I'm having a problem with my search engine!

March 1st, 2007, 9:01 am

Hi, I've been building a search engine for my works website which will enable people to search for articles that are stored in a mysql database. Now, I don't have alot of knowledge of php and mysql, but I've learned quite a bit over the last couple months which has enabled me to build the search engine.

So far I've got a working search that will bring in the articles based on what word is typed into the search box, and it will get it from the database and put it into a page. All tha works fine, there are just a few smaller things that I need sorted out before I can continue.
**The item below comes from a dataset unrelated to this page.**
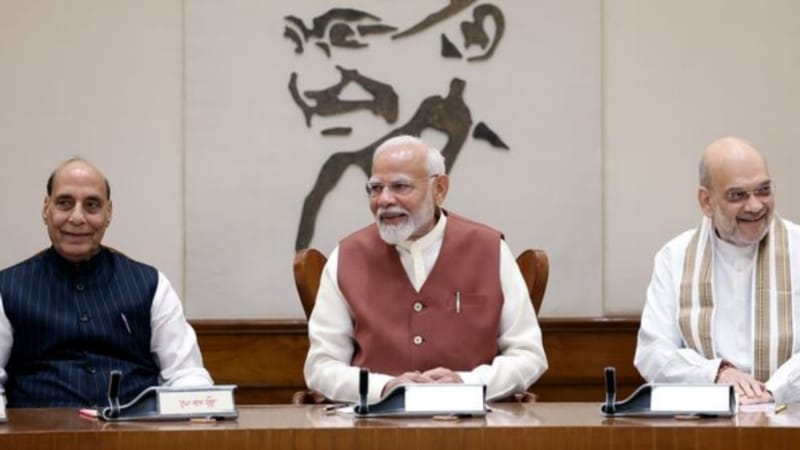 पहली नौकरी मिलते ही आपके खाते में आएंगे 15 हजार रुपए, मोदी सरकार ने 4 बड़ी परियोजनाओं को दी मंजूरी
1) I would like to know how I could have a search box, that also functions as a drop down menu. It would have a list of categories, but you could also click in and type in whatever you like, kinda the way the Google tool bar works, but the categories would be preset, not words that you had already typed in. Is this possible to do.

2) Here's the other thing. I'm not sure how to explain this but I'll try. I've got a php script which does all the searching and brings in the links to the articles and lays them out on the page. My page has a table on it which is split into 2 columns, and the code is in the one on the left. Now, when I view the page in the browser it doesn't show the column on the right, it just deletes it altogether. So, I'm wondering if there's something in my php code that prevents it from showing the other column. The strange thing is that it will once the search has been done and the links to the articles come up, but not before. It also won't show up anything that is below the code, as in the same way as with the right hand column.
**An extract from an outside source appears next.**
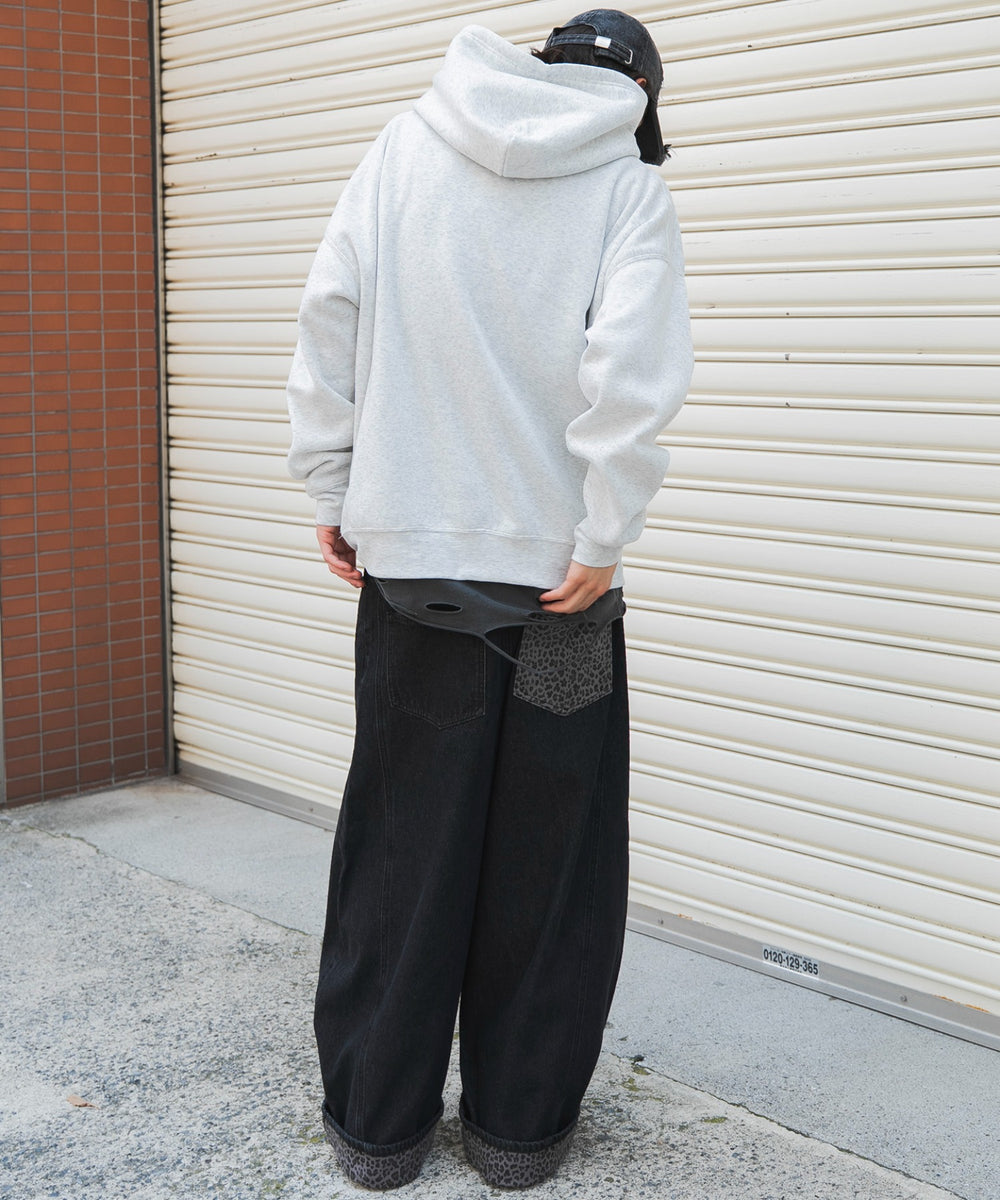 ブラックソノタ モデル：182cm L着用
Here's my code so that if there's anything that would cause this it can be shown.


PHP Code:
$var = @$_GET['q'] ;
$trimmed = trim($var);

$host = "---";
$db_name = "---";
$db_user = "---";
$db_pass = "---";
$db_table = "articles";
mysql_connect($host, $db_user, $db_pass);
mysql_select_db($db_name);

$field_to_search = "header";
$field_to_search2 = "text";
$field_to_search3 = "category";
$query = "SELECT * FROM $db_table WHERE $field_to_search LIKE \"%$trimmed%\" OR
$field_to_search2 LIKE \"%$trimmed%\" OR $field_to_search3 LIKE \"%$trimmed%\" order by id";
$result = mysql_query($query);
$count = mysql_numrows($result);

if ($trimmed == "")
{
echo "<p>Please enter a search...</p>";
exit;
}
if (!isset($var))
{
echo "<p>We dont seem to have a search parameter!</p>";
exit;
}
$numresults=mysql_query($query);
$numrows=mysql_num_rows($numresults);
if ($numrows == 0)
{
echo "<h4>Articles</h4>";
echo "<p>Sorry, your search for " .$trimmed. " returned zero results</p>";
}
if (empty($s))
{
$s=0;
}
$result = mysql_query($query) or die("Couldn't execute query");
if($numrows > 1){ $return = "results";}
else{ $return = "result"; }

$count = 1 + $s ;

while ($r= mysql_fetch_array($result))
{
$id = $r["id"];
$header = $r["header"];
$text = $r["text"];
$image = $r["image"];
$excerpt = $r["excerpt"];

$count++ ;



?><a href="http://www.pwamm.com/articles.php?id=<? echo $id ?>"><br />
</a> <a href="http://www.pwamm.com/articles.php?id=<? echo $id ?>"><? echo $header ?></a><br />
<? echo $excerpt ?><br />
<? } ?>

This is the entire code, it's split up a bit at the end. If anyone knows if I could write this in a better way I'm open to improvements, but my 2 issues are crucial just now.

Thanks for any help.

March 1st, 2007, 7:46 pm

1) In terms of plain HTML, you can have a textbox or a dropdown field, but not both (unless I am sadly mistaken). However, I'm sure there is a DHTML solution (using HTML+JS) that would allow you to have this hybrid. If not, I guess I'd better get to work...

2) Not sure why this code would be messing with your table columns. What if you "don't have any results", does the right column show up then or not?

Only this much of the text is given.